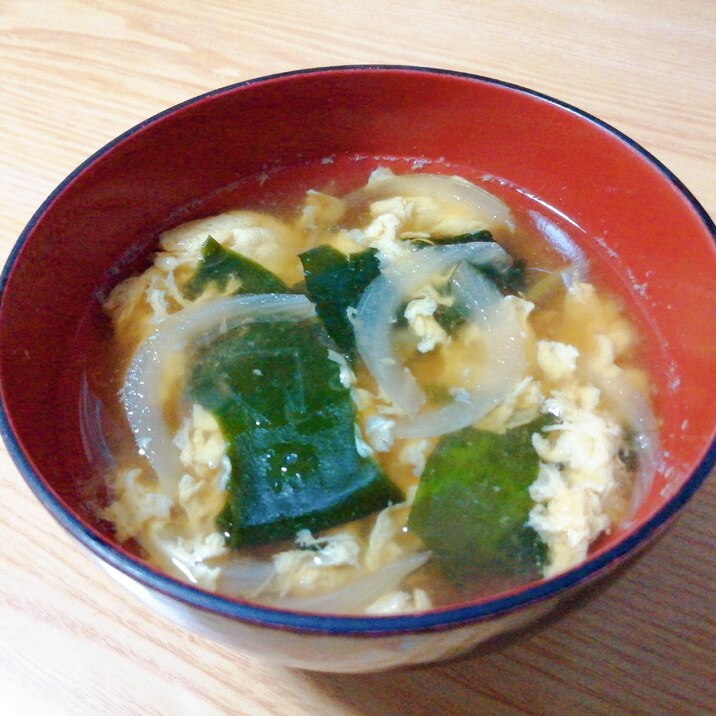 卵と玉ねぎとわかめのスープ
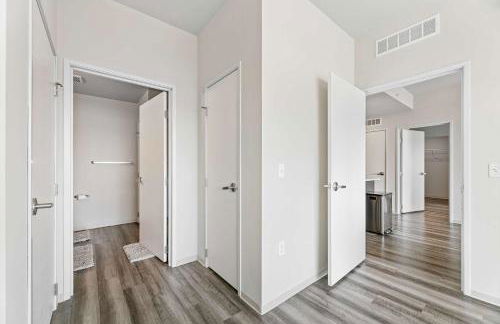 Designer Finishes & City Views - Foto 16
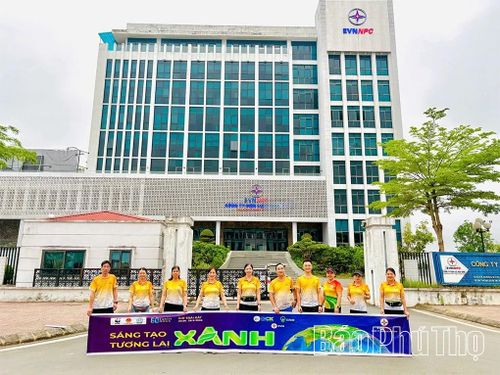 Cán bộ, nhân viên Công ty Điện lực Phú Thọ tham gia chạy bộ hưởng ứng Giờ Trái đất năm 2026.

● ● ● ● ● ● ●

*Work order*: Write out the data above in full and exactly, but without the pictures.

*Exercise answer*:
 卵と玉ねぎとわかめのスープ
 Designer Finishes & City Views - Foto 16
 Cán bộ, nhân viên Công ty Điện lực Phú Thọ tham gia chạy bộ hưởng ứng Giờ Trái đất năm 2026.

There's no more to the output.